El perro levanta la vista.
Cauteloso.
Curioso.
Roto.
Conozco esa mirada.
“Hola, pequeñín”, susurro, con la voz quebrándose apenas un poco. “Está bien. Lo entiendo. A veces la gente apesta.”
Avanza unos centímetros y apoya el mentón sobre sus patas mientras me observa.
Como si pudiera ver a través de mí.
Parpadeo rápidamente.
“Creo que te llamaré Suertudo”, susurro. “Porque los dos seguimos aquí.”
Miranda se arrodilla a mi lado, manteniendo una mano sobre mi espalda.
“Siempre haces eso”, dice suavemente.
Parpadeo.
“¿Hacer qué?”
Ella me dedica una pequeña sonrisa.
“Ver las cosas rotas y amarlas de todos modos.”
Miro otra vez al perro.
A Suertudo.
Sus ojos siguen fijos en los míos, como si temiera que desapareciera.
Le ofrezco la sonrisa más pequeña.
“Simplemente sé lo que se siente”, murmuro. “No ser elegido.
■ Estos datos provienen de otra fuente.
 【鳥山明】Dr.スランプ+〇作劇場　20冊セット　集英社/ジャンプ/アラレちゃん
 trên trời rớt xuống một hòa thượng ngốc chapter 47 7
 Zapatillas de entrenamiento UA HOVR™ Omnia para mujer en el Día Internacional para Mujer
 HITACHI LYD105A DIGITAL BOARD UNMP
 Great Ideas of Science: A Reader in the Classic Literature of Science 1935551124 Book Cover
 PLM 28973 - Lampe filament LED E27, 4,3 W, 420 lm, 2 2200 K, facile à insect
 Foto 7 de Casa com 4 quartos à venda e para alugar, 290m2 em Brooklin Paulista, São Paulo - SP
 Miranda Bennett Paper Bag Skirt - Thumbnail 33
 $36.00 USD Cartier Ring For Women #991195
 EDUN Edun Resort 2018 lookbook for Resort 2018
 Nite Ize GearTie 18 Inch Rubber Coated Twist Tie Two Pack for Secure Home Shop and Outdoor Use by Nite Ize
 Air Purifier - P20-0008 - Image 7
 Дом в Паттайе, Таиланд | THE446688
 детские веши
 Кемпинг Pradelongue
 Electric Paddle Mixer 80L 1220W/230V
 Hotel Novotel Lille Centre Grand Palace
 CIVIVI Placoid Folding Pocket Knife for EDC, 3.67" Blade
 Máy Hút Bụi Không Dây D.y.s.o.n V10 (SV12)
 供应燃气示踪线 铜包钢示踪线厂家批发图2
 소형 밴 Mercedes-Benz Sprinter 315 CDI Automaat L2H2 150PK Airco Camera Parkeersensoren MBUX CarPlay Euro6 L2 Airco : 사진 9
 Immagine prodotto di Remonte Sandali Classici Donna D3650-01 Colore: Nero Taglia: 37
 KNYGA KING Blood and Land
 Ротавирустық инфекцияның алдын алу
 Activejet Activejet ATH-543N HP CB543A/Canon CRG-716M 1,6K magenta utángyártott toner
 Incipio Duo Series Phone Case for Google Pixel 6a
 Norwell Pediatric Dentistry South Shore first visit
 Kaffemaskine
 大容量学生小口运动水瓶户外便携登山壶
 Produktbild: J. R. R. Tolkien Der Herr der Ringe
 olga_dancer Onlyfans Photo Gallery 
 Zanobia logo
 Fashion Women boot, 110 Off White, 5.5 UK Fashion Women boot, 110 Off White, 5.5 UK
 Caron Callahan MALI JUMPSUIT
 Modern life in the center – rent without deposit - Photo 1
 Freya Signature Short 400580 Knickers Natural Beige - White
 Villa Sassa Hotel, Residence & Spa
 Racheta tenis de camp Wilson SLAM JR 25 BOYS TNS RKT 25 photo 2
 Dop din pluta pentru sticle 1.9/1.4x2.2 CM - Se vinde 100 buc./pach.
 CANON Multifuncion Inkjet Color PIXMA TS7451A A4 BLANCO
No ser alguien por quien luchar.”
Miranda suspira y apoya la barbilla sobre su rodilla.
“No deberías sentirte así, Celeste. Eres como un rayo de sol con piernas. Cualquiera que te haga daño es o un envidioso o una persona sin corazón.”
Me da un pequeño codazo.
“Probablemente ambas cosas.”
Suelto una risa suave y le devuelvo el codazo.
“Gracias, Miri.”
Ella se pone de pie, quitándose pelos de perro de los pantalones.
“Hablando de personas que probablemente necesitan un poco de sol en sus vidas… solo para que lo sepas, el director dijo que tendremos algunos voluntarios nuevos a partir de la próxima semana.”
“¿Ah, sí?”
“Servicio comunitario ordenado por un juez”, responde encogiéndose de hombros. “Jóvenes problemáticos que necesitan completar horas de trabajo comunitario.”
Levanto una ceja.
“Eso suena… intenso.”
Ella se ríe.
“Podría serlo. Pero quién sabe. Tal vez nos sorprendan.”
Vuelvo a mirar a Suertudo, todavía acurrucado, todavía observándome con esos ojos que parecen saber demasiado.
“Tal vez”, susurro.
Pero, en el fondo, algo se mueve dentro de mí.
Un cambio silencioso.
Un leve aleteo en el aire.
Como si el universo estuviera intentando decirme que algo está por cambiar.
Solo que todavía no sé si será algo bueno o algo malo.